### MATERIALS PROVIDED ###

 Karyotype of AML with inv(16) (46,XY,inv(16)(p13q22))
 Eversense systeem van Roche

###
### MATERIALS PROVIDED ###

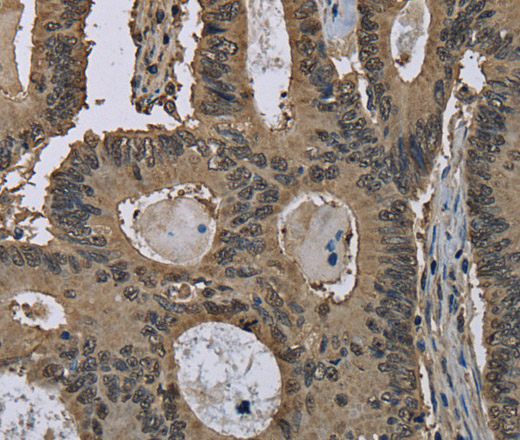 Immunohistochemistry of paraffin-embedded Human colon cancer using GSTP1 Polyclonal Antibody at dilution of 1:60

###

* THE TASK *
Which lines above run from the one containing "Karyotype of AML" down to the one containing "Eversense systeem van Roche"? Repeat exactly those, both ends included, and nothing else.

* TASK ANSWER *
 Karyotype of AML with inv(16) (46,XY,inv(16)(p13q22))
 Eversense systeem van Roche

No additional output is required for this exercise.